Technically, Mikelsons was already a creditor. His 8.2 million ATA shares were worth $105 million in early 2004; today, they’d be worth $7.4 million-assuming he could sell shares now worth less than $1 apiece.
Usually, shares of a bankrupt company’s common stock are rendered worthless and may be replaced by new shares granted to higher-priority creditors.
Perhaps someone should tell that to the numerous shareholders who filed claims in ATA’s bankruptcy.
Among them: The Slovene Investment Club of Palos Hills, Ill., filed a claim for $2,048, representing the value of ATA shares it held. Typically in a bankruptcy, common equity holders are “at absolutely bottom” of the priority list, Greer said.
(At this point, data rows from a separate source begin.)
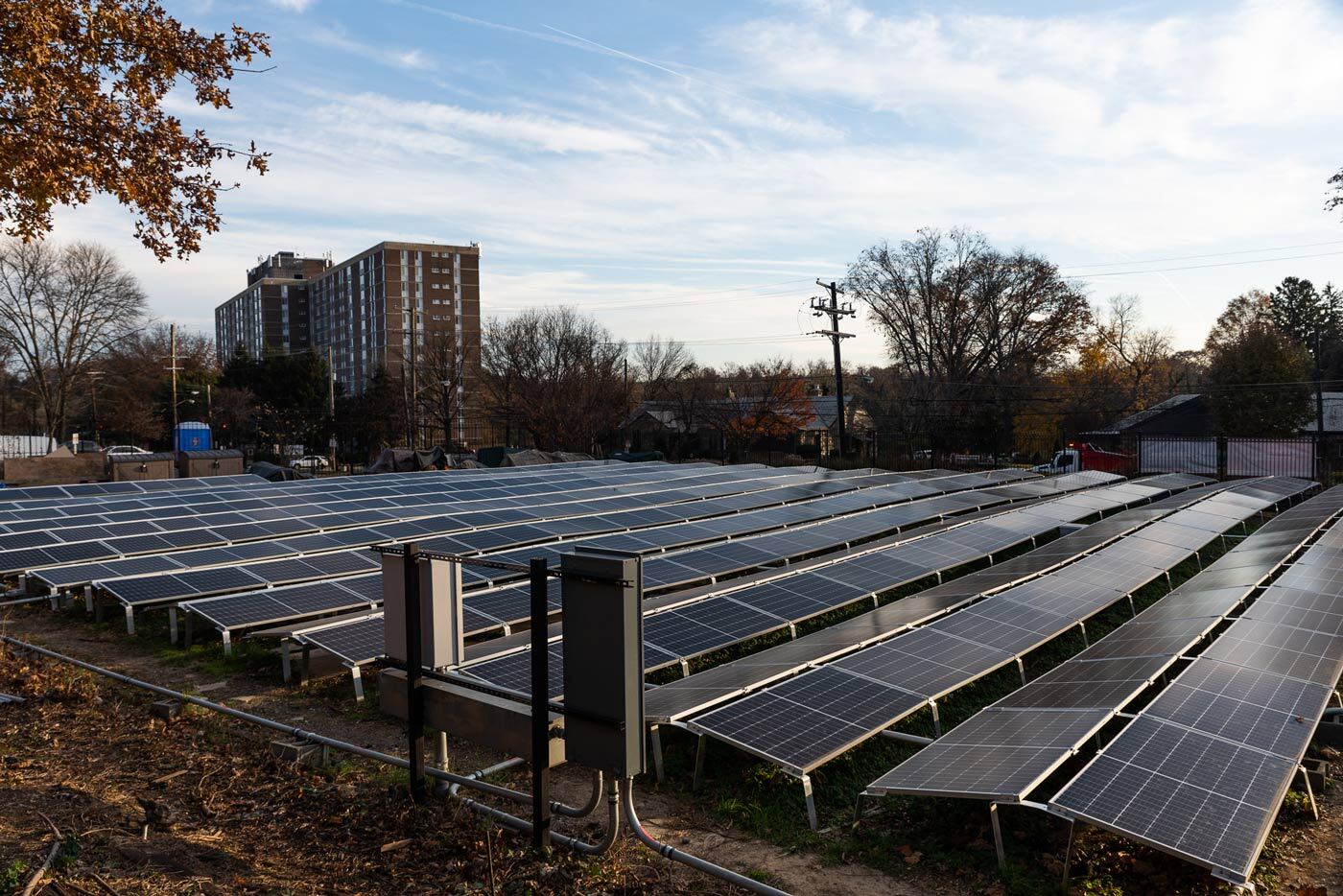 Ground mounted community solar system during sunset at the Fairfax Village Condominiums.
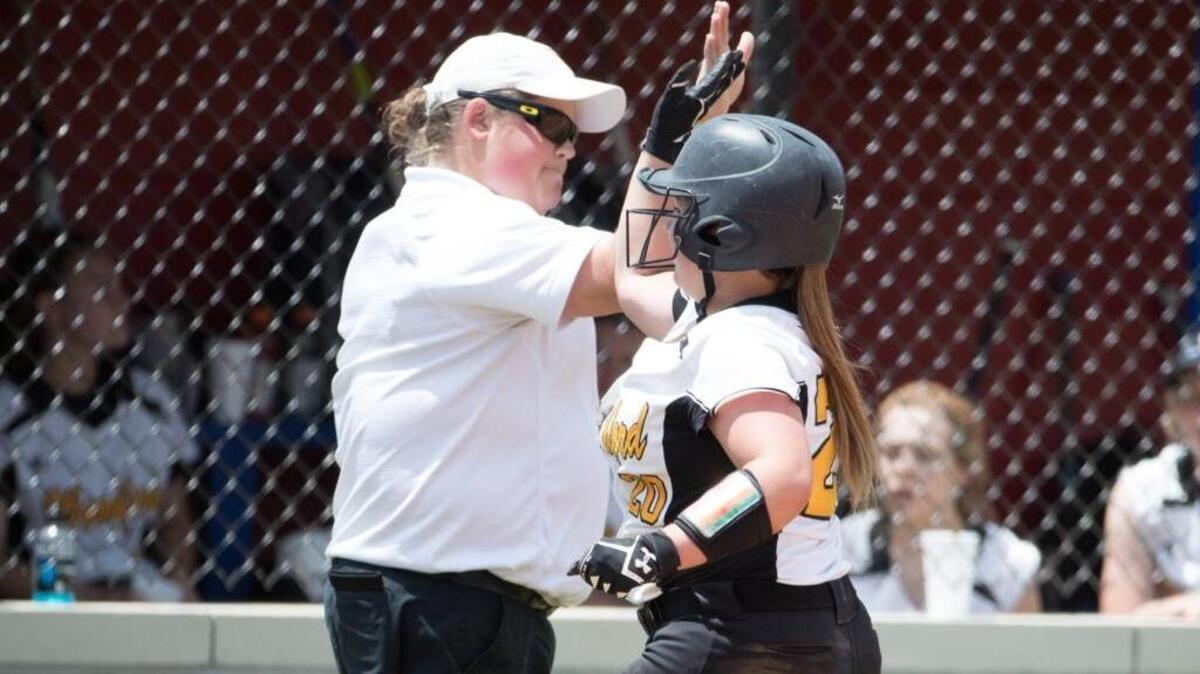 Woodford County’s Paige Hampton got a high-five from Coach Sasha Turansky. Hampton had two hits and a sacrifice fly for three RBI in the 7-0 win over Henry Clay in the 11th Region first round.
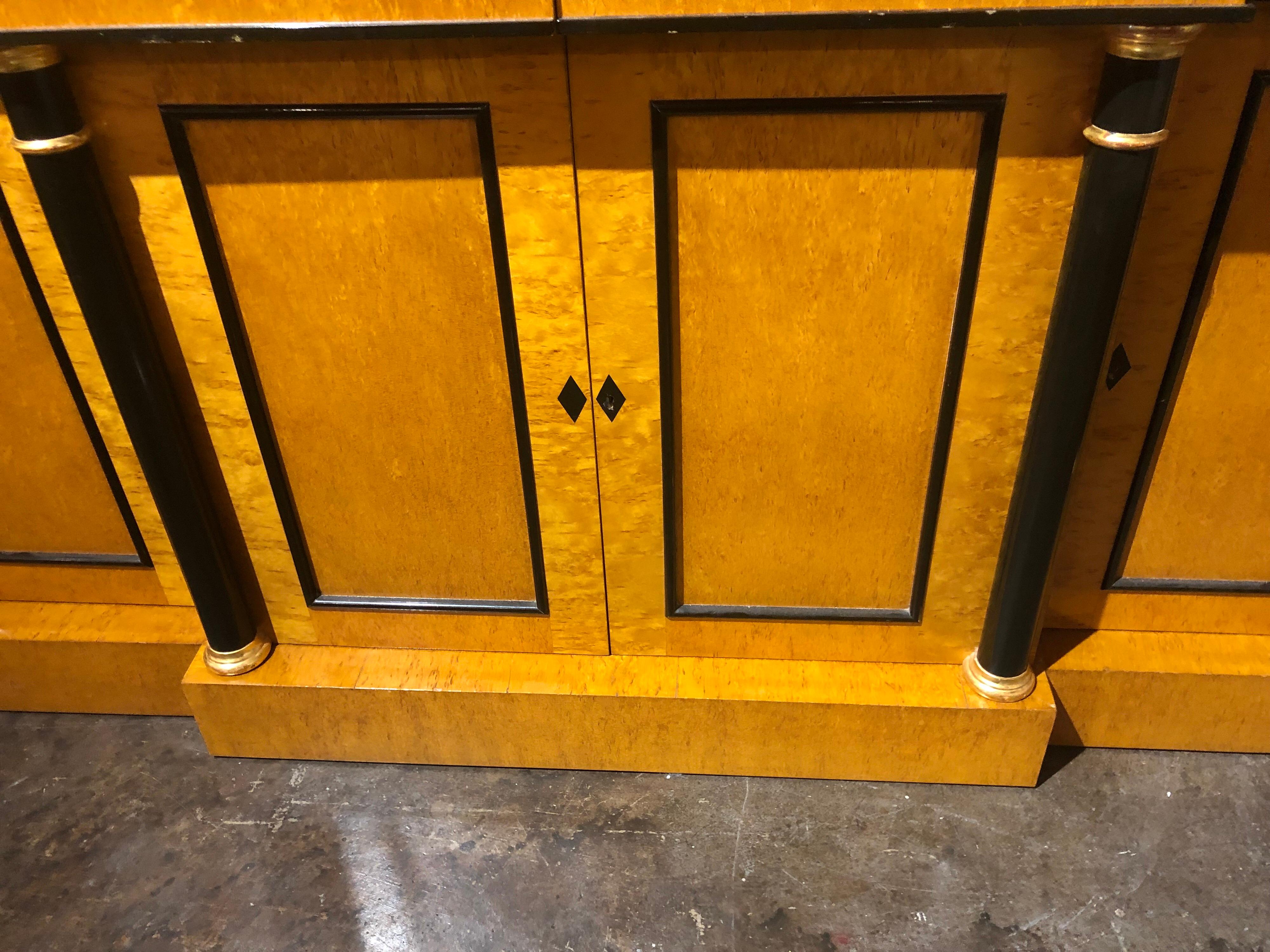 Very handsome Beidermeier style maple and ebony 4 door credenza. This piece has a lovely finish and ample storage and blends well with various different styles.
Other small claims include Illinois Youth Soccer of Arlington Heights, Ill., which estimates ATA owes it $35,000 under obligations of a marketing agreement. The group pledged to make ATA its exclusive airline and promote ATA in return for 88 round-trip tickets and $9,000 to a soccer program annually.
Or there’s the wee $63.08 that Brownsburg resident David Farnsworth wants ATA to pay relating to his departure from the company last year. ATA sent him packing with $6,176, but a month later insisted he was overpaid and threatened to sue the former employee if he didn’t return it.
His attorney shot back with a letter that Farnsworth got the accumulated sick and annual leave pay he deserved-and that ATA owes him the $63.08 in addition.
But as the bankruptcy pecking order goes, those more likely to get some money include those with personal injury claims. At least that’s the hope of the Chicago attorneys representing Lorenzo Sanchez, who alleges he was injured in 2002 on ATA flight 208 from Guadalajara, Mexico, to ATA’s Chicago Midway Airport hub.
In an April 2004 case filed in U.S. District Court for the Northern District of Illinois, Sanchez claims to have “suffered and will in the future suffer disability and disfigurement” stemming from unspecified injuries during turbulence that buffeted passengers.
Generally speaking, injury cases may stand a better chance of tapping money because the proceeds often come from a bankrupt company’s liability insurer, rather than from the company’s estate, Greer said.
The same may go for Worker’s Compensation funds. An attorney for former ATA flight attendant Betty Henry filed a $320,000 claim on behalf of the Hammond resident. Henry in 2003 tripped over broken pavement while on a layover in Italy and shattered her ankle, according to the filing. Her doctor last year recommended “light duty, sedentary” work.
Higher up in the bankruptcy food chain are professional firms, such as attorneys and accountants. Accounting firm South Bend-based Crowe Chizek and Co. filed a $20,200 claim for the audit of the airline’s 401(k) plan and of a crew member fund.
Whatever is left over goes to these types of creditors after secured creditors-those at the top of the heap-are paid. The rest, if any, trickles down to the unsecured creditors.